La mayoría amplia de los medios convencionales de Suramérica acompaña con firmeza la ofensiva política de la élite brasileña contra Luiz Lula da Silva, expresada el 24 de enero en la muy previsible confirmación en segunda instancia de una condena que había adoptado el juez Sergio Moro, archienemigo del ex presidente.

    El diario ultraconservador argentino La Nación se puso al frente de esta cruzada que busca proscribir a Lula da Silva en las elecciones presidenciales brasileñas de este año, para las que es amplio favorito, con un título que incluyó en su versión en línea poco después de difundida la sentencia: “El comienzo del fin de la carrera política de Lula”.

   Pero los demás medios tradicionales no le fueron muy a la zaga. Otro de los casos extremos fue el diario El Comercio de Lima, que en su versión en línea incluyó un antetítulo sobre Lula: “No participará en elecciones”, antes del anuncio de la condena. Ese antetítulo es absolutamente falso al día de hoy, puesto que la candidatura del líder del Partido de los Trabajadores no está impedida y, si como es previsible, es obstaculizada por la derecha brasileña, eso abrirá un proceso judicial muy complejo y de extensión imprevisible.

   Clarín, de Buenos Aires; El País, de Montevideo; El Mercurio on line (“Emol”) de Santiago, coincidieron, entre otros, en publicar informes que relatan la sentencia por cargos de corrupción pero le niegan todo contexto, y reducen al mínimo o directamente censuran las alegaciones de Lula da Silva sobre su inocencia.

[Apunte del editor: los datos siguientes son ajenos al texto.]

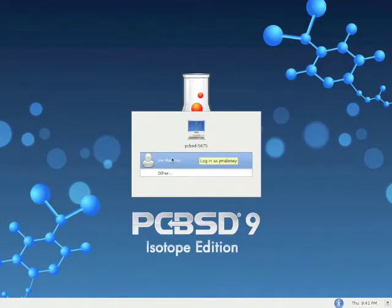This is a video to show you how to install GNOME 3 and Cinnamon on PCBSD 9.1 Isotope.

   Algunos de estos medios, como Clarín, incluyeron párrafos pequeños del discurso que Lula da Silva pronunció en Sao Paulo tras la decisión del tribunal de Porto Alegre, cuidándose de ocultar que el líder del Partido de los Trabajadores considera a los medios convencionales brasileños, y en especial al Grupo Globo (que tiene acuerdos con el multimedios argentino) la pieza fundamental del asalto al poder que la derecha consumó mediante el derrocamiento de la presidenta Dilma Rousseff, el 31 de agosto de 2016, y que ahora busca completar con la proscripción del ex mandatario.

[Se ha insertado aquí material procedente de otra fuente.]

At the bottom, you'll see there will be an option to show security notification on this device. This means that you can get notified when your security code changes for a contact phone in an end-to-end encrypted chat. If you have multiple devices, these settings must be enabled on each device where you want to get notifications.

   Sobre el discurso de Lula en Sao Paulo, El País de Uruguay afirmó en una “crónica” que lo pronunció frente a una multitud “enardecida”.

   También fue muy parecida en estos medios la cobertura previa a la sentencia, en sintonía con los diarios que responden a la élite brasileña. Coincidieron, por ejemplo, en no incluir imágenes panorámicas de las decenas de miles de personas que se reunieron en Porto Alegre y Sao Paulo para respaldar a Lula.

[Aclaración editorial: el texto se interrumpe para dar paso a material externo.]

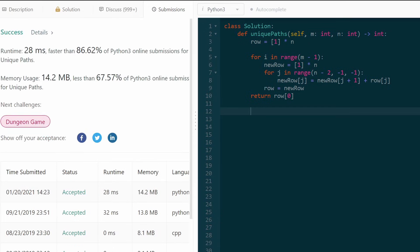This solution is efficient: O(m × n) time complexity and O(n) memory complexity since we only store one row at a time. I hope this was helpful — if you enjoyed please like and subscribe, it supports the channel a lot!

   En efecto, solo publicaron imágenes parciales, de unos cientos de personas, y poniéndolas en pie de igualdad con manifestantes contrarios a Lula, que llegaban a ser, en el mejor de los casos, treinta o cuarenta, aunque muy bien abastecidas, en puntos muy distantes del gran territorio brasileño, con muñecos inflables idénticos que muestran al ex presidente con traje de presidiario.

   Otro caso llamativo es del diario El Tiempo de Bogotá, también un multimedios con desarrollo en televisión y radio. El periódico, que dedica cada día grandes espacios a la situación interna venezolana, con una implacable oposición al gobierno de Nicolás Maduro, destinó muy poco espacio a la crisis en Brasil, país con el que Colombia comparte una frontera de 1.644 kilómetros.

   Este diario tenía el miércoles 24 por la tarde apenas un artículo actual publicado en su versión en línea, con despachos de las agencias internacionales EFE y AFP. Este texto relataba la sentencia pero sin inscribirla en el conjunto de las acciones de la derecha de Brasil contra Lula da Silva, Rousseff y el Partido de los Trabajadores.